P3onyPenny you made a choice to not involve the law in your relationship. Entirely your choice. Well yours and your partners.

So why does it bother you, so much, that the law doesn't recognise it, when it was your choice?

P3onyPenny · 02/09/2018 08:13

There are ways of posting and discussing issues.

Calling somebody "love" and dismissing a relationship in such a nasty patronising way whatever the context, telling somebody else to get over themselves was wholly uncalled for.

brokenharbour · 02/09/2018 08:14

@speakout he can do an expression of wish on his pension fund that would leave it to you. And pension providers do look at whether there's a cohabiting dependent partner if there isn't an expression of wish.

Seriousquestion09 · 02/09/2018 08:14

As I read this thread there is a pop up at the bottom for London’s best divorce lawyer!

Surely benefits after a split in marriage only happen if one party has “assets” and in this day and age that is mostly not always the case.

KateMcD451 · 02/09/2018 08:15

I've read this sneering attitude as well but I gnore it. I've been with my DP since I was 18 and we are in our 30s now so that's a lot longer than some marriages. We are engaged but wanted to finish our studies and get s house first but it doesn't stop some people turning their nose up.

Oliversmumsarmy · 02/09/2018 08:17

IAmAllAstonishment

So being married means you can’t be a paedophile?

Ds’s primary had the something similar happen.

HT knew. But had not warned anyone. He tried to cover it up until it was in the newspapers.

Children had continued going round to the house when the married father was the sole parent there.

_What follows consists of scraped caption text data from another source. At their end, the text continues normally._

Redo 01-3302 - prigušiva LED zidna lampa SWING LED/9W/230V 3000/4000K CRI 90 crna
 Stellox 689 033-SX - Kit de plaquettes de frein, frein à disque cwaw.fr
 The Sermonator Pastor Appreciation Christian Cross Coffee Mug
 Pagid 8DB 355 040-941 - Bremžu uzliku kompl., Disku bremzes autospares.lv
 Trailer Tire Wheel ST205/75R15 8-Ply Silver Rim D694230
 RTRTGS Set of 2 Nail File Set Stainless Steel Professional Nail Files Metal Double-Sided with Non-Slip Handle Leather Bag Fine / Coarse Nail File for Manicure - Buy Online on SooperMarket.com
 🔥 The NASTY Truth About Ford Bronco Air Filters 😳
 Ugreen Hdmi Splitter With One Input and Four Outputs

I would say if you are relying on some but if paper as a safeguarding tool then it is you who needs to look at your own safeguarding issues

P3onyPenny · 02/09/2018 08:18

I object to being called single. I haven't been single for 30 years.There should be a box for cohabiting.

I object to bereaved children being excluded from support from a pot their parents have paid into.

Pretty sure that has been covered by myself and many others so really not seeing the need for your question on this thread which is about the unpleasant attitudes to unmarried mothers on MN.

KanielOutis · 02/09/2018 08:19

I work with intelligent, professional women who believe in common law marriage. It astounds me how they are clued up in so many aspects of life, and they are well regarded, middle class women, but don't understand the basics of marital / relationship law.

KateMcD451 · 02/09/2018 08:19

A marriage is a sign of commitment. How is it more of a commitment than a long term relationship, you can easily divorce, . I think staying with someone despite the fact the law isn't involved is a bigger commitmrnt imo. Also having children is a commitment. Signing a bit of paper that you can undo by signing another bit of paper is hardly a ground breaking commitment.

speakout · 02/09/2018 08:21

brokenharbour

I am not financially dependant on my partner though.

KateMcD451 · 02/09/2018 08:21

I object to being called single. I haven't been single for 30 years.There should be a box for cohabiting.

Totally agree, where I work I am down in the personnel files as single but I have been with DP a lot longer than a lot of marriages. Why should we be punished because we were continuing studies and then saving money to get on the housing ladder?